Luke with his son Jayden in the cab of a firetruck

Luke with his son Jayden in the cab of a firetruck

For Luke Qin’s four-year-old son, open day at the Seaview fire station where dad volunteers is a highlight of the year.

The Wellington pre-schooler gets to scramble up into the cab of a bright-red fire truck and it’s as good as Christmas.

Luke, a member of the Foundation’s Leadership Network, has spent seven years fighting both fires and stereotypes as a volunteer firefighter.

He admits he had something of a hero-complex when he first put his name forward, a vivid image of Peter Parker saving a young girl from a burning building in the first Spiderman movie etched in his mind.

But, for him, it was also about representation. He remembers pointing out to his superiors in his induction interview they didn’t have any Chinese firefighters, and he’d be the one to change that.

Now, his presence is simply woven into the fabric of the local firefighting community.

“I do feel proud that you don’t have many Asian [working as fire fighters] and I’m one of them,” he says.

“But, you don’t think about that much after you’ve been a part of the crew for a while, right? You don’t have a loudspeaker every night saying ‘I’m the only Chinese and Asian fella in here’. You don’t do that.
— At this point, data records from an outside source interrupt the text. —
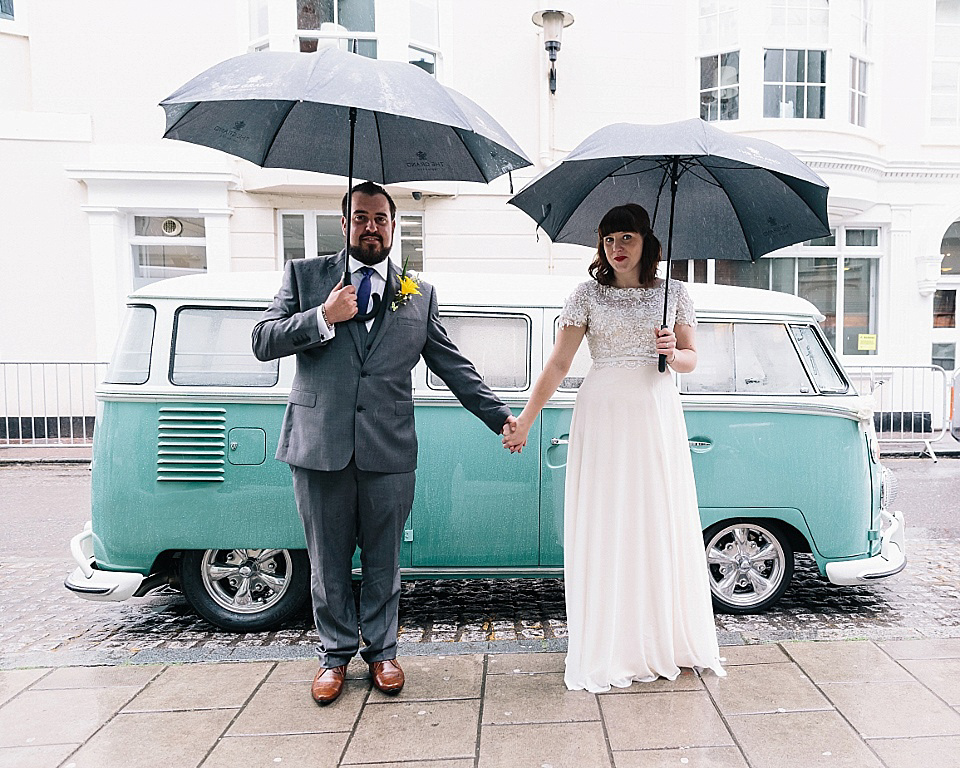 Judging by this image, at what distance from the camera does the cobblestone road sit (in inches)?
158

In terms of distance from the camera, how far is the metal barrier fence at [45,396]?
11477mm

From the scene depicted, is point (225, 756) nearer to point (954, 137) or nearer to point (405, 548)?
point (405, 548)

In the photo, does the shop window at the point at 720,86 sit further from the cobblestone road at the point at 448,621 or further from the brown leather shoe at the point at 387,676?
the brown leather shoe at the point at 387,676

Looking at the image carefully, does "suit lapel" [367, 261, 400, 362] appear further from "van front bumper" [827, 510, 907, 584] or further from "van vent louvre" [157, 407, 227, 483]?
"van front bumper" [827, 510, 907, 584]

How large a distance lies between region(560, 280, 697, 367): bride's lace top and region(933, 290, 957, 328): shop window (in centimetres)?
1237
You just become part of the team.”

In February, Luke became an ambassador for White Ribbon New Zealand, a campaign encouraging men to challenge each other on attitudes and behaviours that are abusive.

Family violence is rarely talked about in the context of Chinese communities, but it’s there, Luke says.

“We need to raise awareness, help people know where to get support and be visible.”

Luke says his involvement in the leadership network has helped grow his confidence to be a cultural ambassador.

For one, it has connected him with globally-minded young Kiwi leaders, many of them immigrants, and there is strength that comes from that community, he says.

“If you’re not born here, if you speak English as your second language, you may feel like the odds are stacked against you.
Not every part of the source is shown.